__REQUIRED ACTION__.
Leaving out every picture, quote the data below exactly as it appears.

__MATERIAL PROVIDED__.
%%

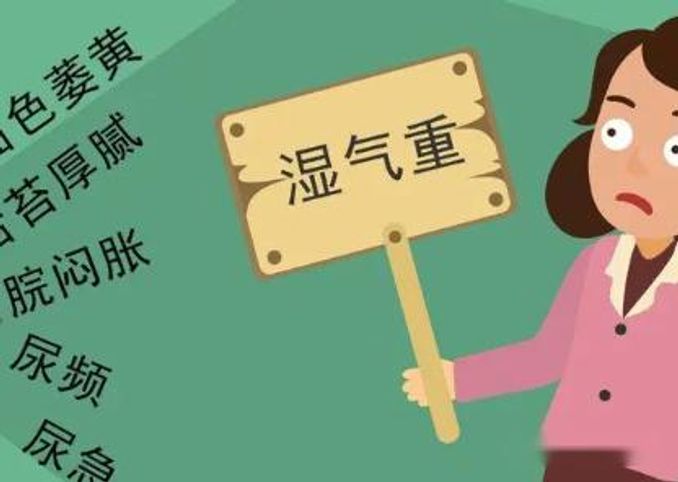 溼氣重怎麼看出來 - 健康 - iNewsDB 日日新聞.掌握每日新鮮事
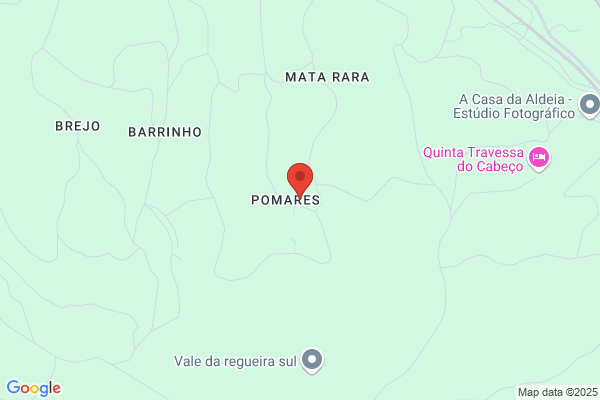 Construiåes Ferreira Da Mata. Lda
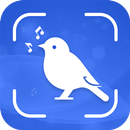 Bird Song Identifier APK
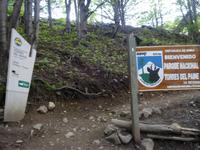 Wanderung zum Aussichtspunkt de las Torres in Torres del Paine Nationalpark - Patagonien - Chile (23)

%%

__RESPONSE FOR THIS EXERCISE__.
 溼氣重怎麼看出來 - 健康 - iNewsDB 日日新聞.掌握每日新鮮事
 Construiåes Ferreira Da Mata. Lda
 Bird Song Identifier APK
 Wanderung zum Aussichtspunkt de las Torres in Torres del Paine Nationalpark - Patagonien - Chile (23)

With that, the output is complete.